Now that you know why credit is useful, and you have an idea what interest will cost you, it's time to look at various kinds of credit you might use in your lifetime. As you decide what kinds of credit to use, always keep in mind why credit is useful and that there are costs associated with using credit.
- Credit cards
- Store cards
- Auto loans
- Student loans
- Personal loans
Credit cards represent an agreement between the person using the card and the company or bank that issued the card. Each time a person makes a purchase with a credit card, that person is taking out a loan from the card issuer. The cost of the loan—the interest charged—and all of the repayment details are part of the agreement the card user signs when the credit card account is opened.
Store cards are like credit cards but only work at one particular store. Many department stores, clothing stores, and gas stations issue store cards. Store cards often have much higher interest rates than regular credit cards, so you should be very careful when using this type of credit.
Auto loans are a type of credit issued by a bank or other financial company for the purpose of buying a car. You’ll usually find better interest rates on auto loans from your bank or credit union than from the car dealerships.
Mortgages are loans made by banks or mortgage companies for the purchase of property. The property could be, for example, a house to live in, rental property used to generate income, recreational land in the country, or a lot on which you plan to develop a business. There are many types of mortgages, and figuring out which one is right for the type of property you’re going to buy could be a whole course on its own!
Student loans are loans made to students or their parents to finance the cost of tuition and other expenses associated with going to college or technical school. There are several types of student loans, but the most basic types are either government sponsored loans, such as the Stafford and PLUS programs, or private loans. Government sponsored loans generally have much better loan terms, including better interest rates and more flexible repayment options. Check out www.finaid.org/loans/ for great helpful information about student loans. Student loans are governed by special rules and laws; for instance, student loans can’t be discharged in bankruptcy filings.
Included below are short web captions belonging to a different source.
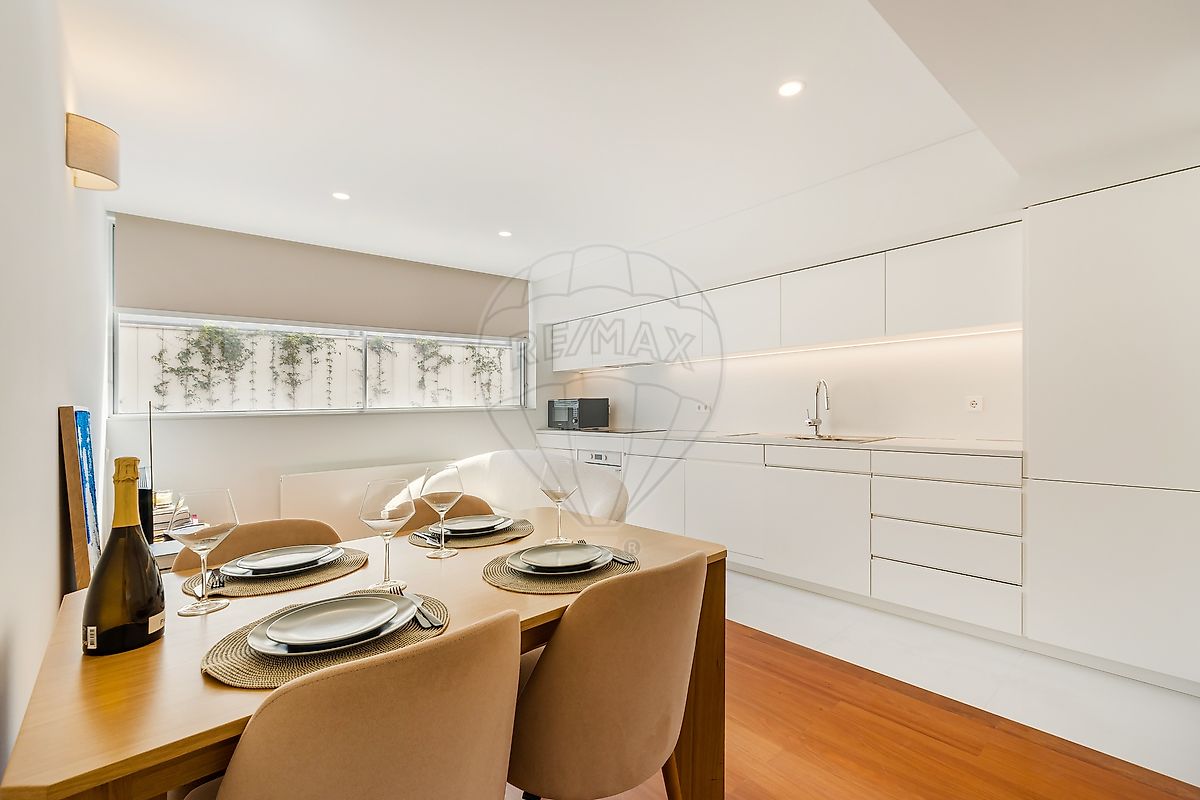 Apartamento T1 à venda em Porto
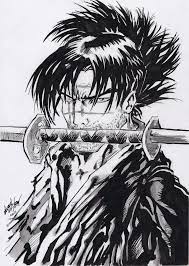 Manji Blade Of The Immortal By Lucannocore On Deviantart Blade Of The Immortal Immortal Blade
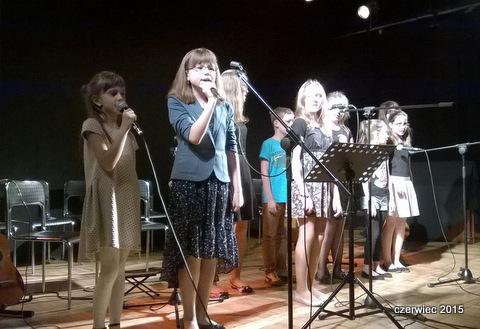 Zdjęcia z koncertu - czerwiec 2015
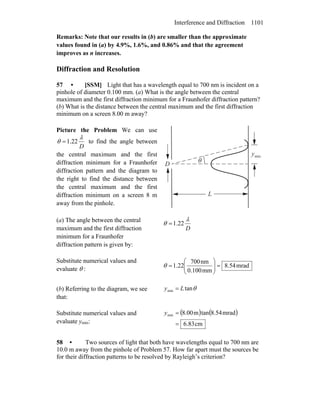 Tipler volume 2 resolução 6 edição
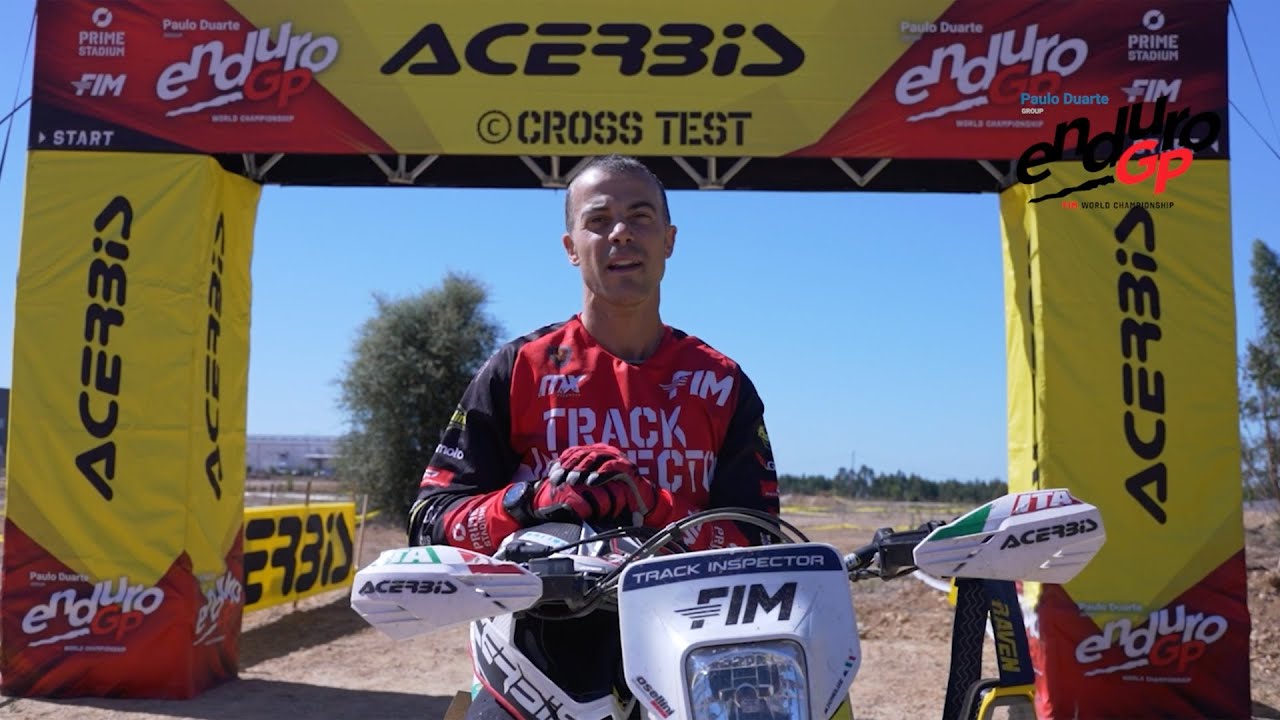 Track Preview | GP of Portugal | Round 5 | FIM EnduroGP 2025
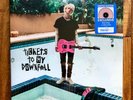 Machine Gun Kelly - Tickets To My Downfall LP Vinyl Album - Pink Marble w/ Litho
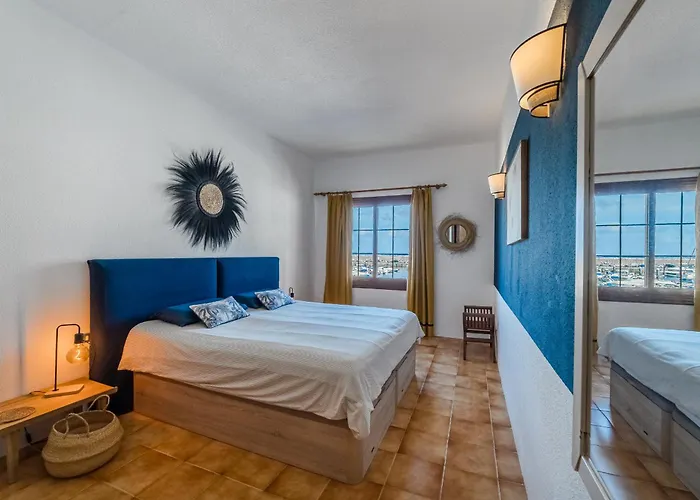 Casa Blue Marina 아파트 아칸티라도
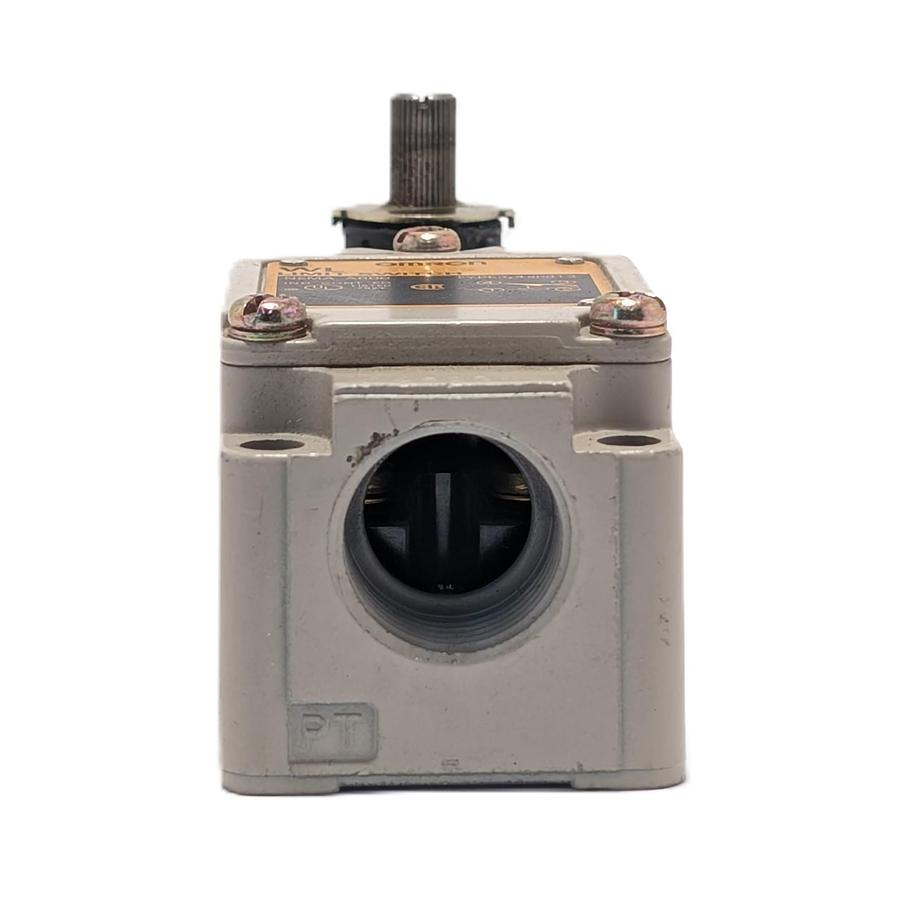 Used OMRON WLCL-TS – NEMA A600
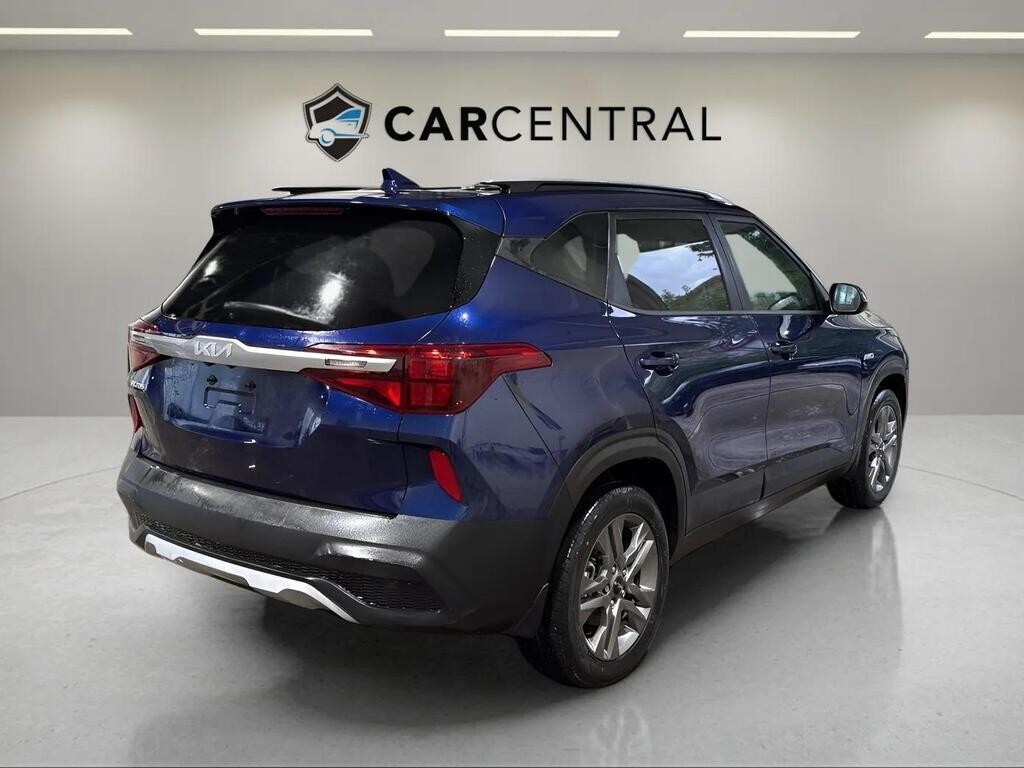 Kia Seltos 2023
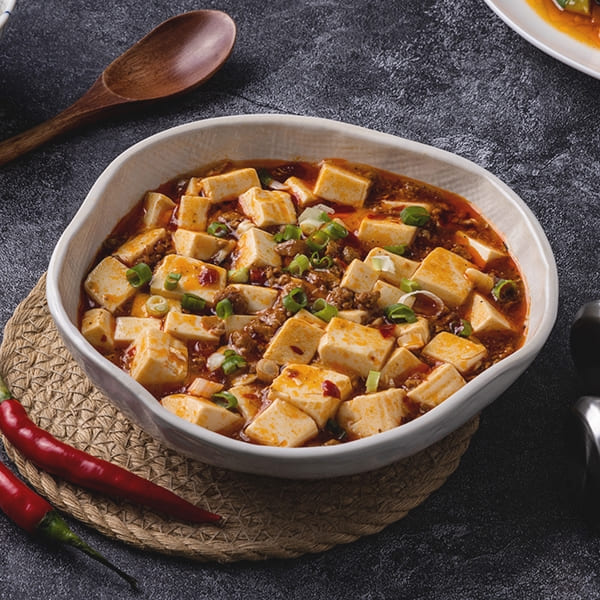 麻婆豆腐
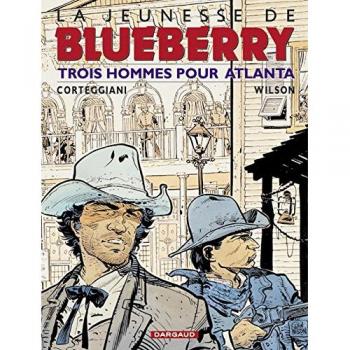 La Jeunesse de Blueberry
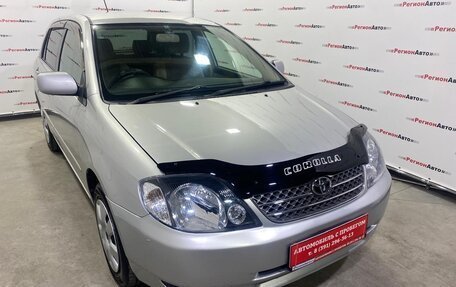 Toyota Allex i рестайлинг, 2001 год, 599 000 рублей, 7 фотография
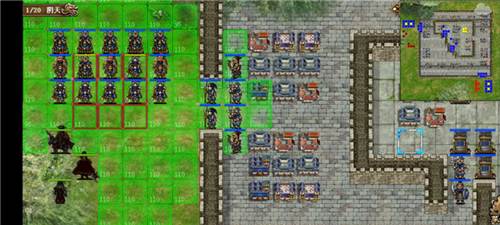 豪华曹魏传卡位是什么2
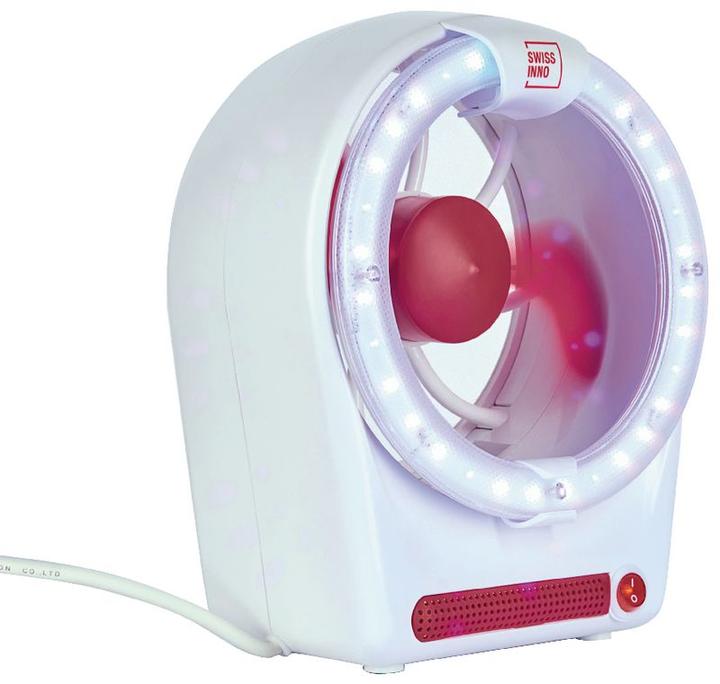 Swissinno Professionelle Insektenfänger LED 15Watt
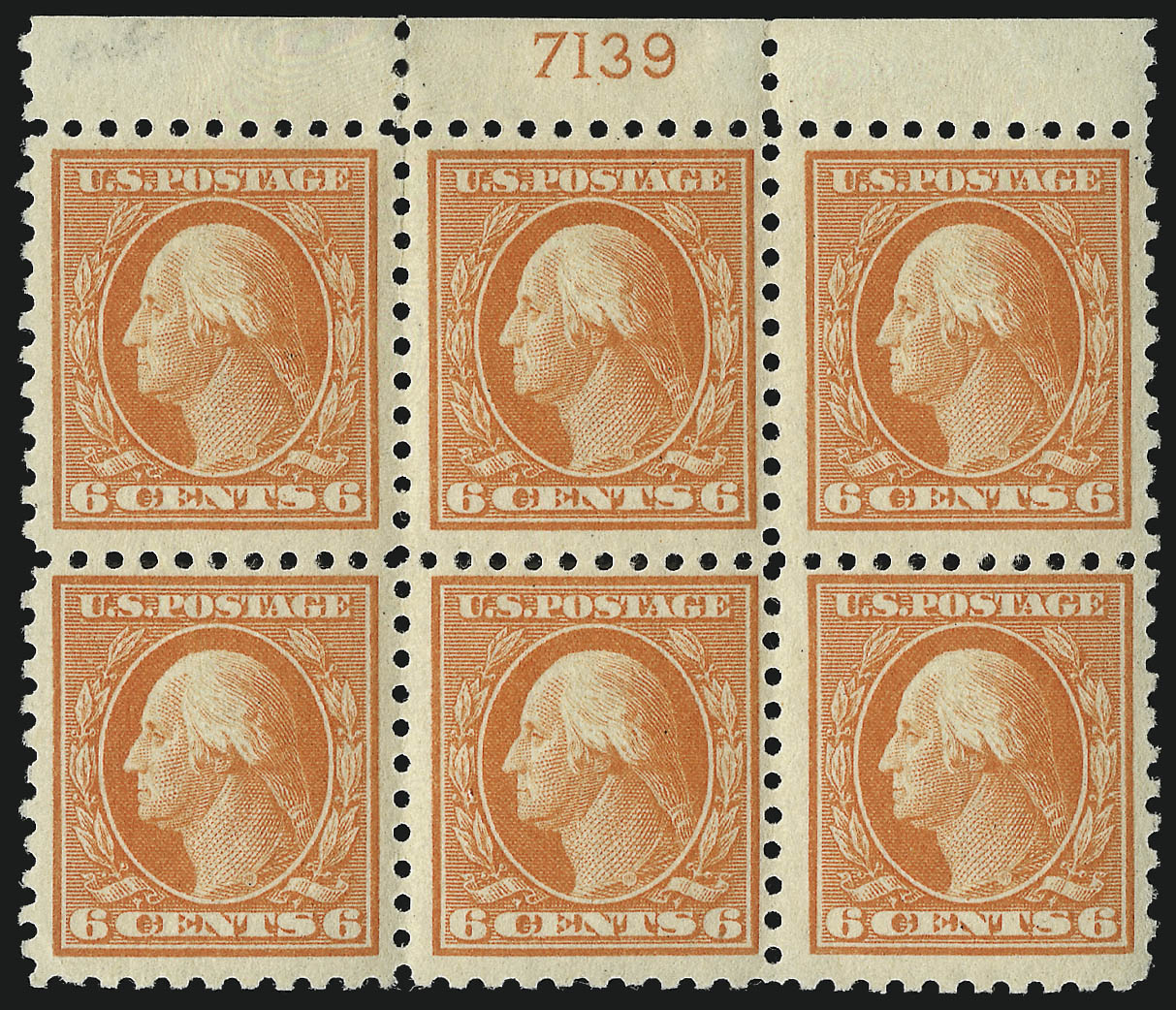 Sale no. 1096 — Lot no. 719 — Siegel Auction Galleries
Personal loans are loans between two people without the involvement of banks. Personal loans can be a great resource if they’re available, but they can also strain the relationship between the borrower and lender. It’s usually a good idea to put the loan terms of a personal loan in writing so that both people know exactly what to expect. Loan terms include information such as the interest rate charged; the frequency, number, and amount of payments; and when payments are due.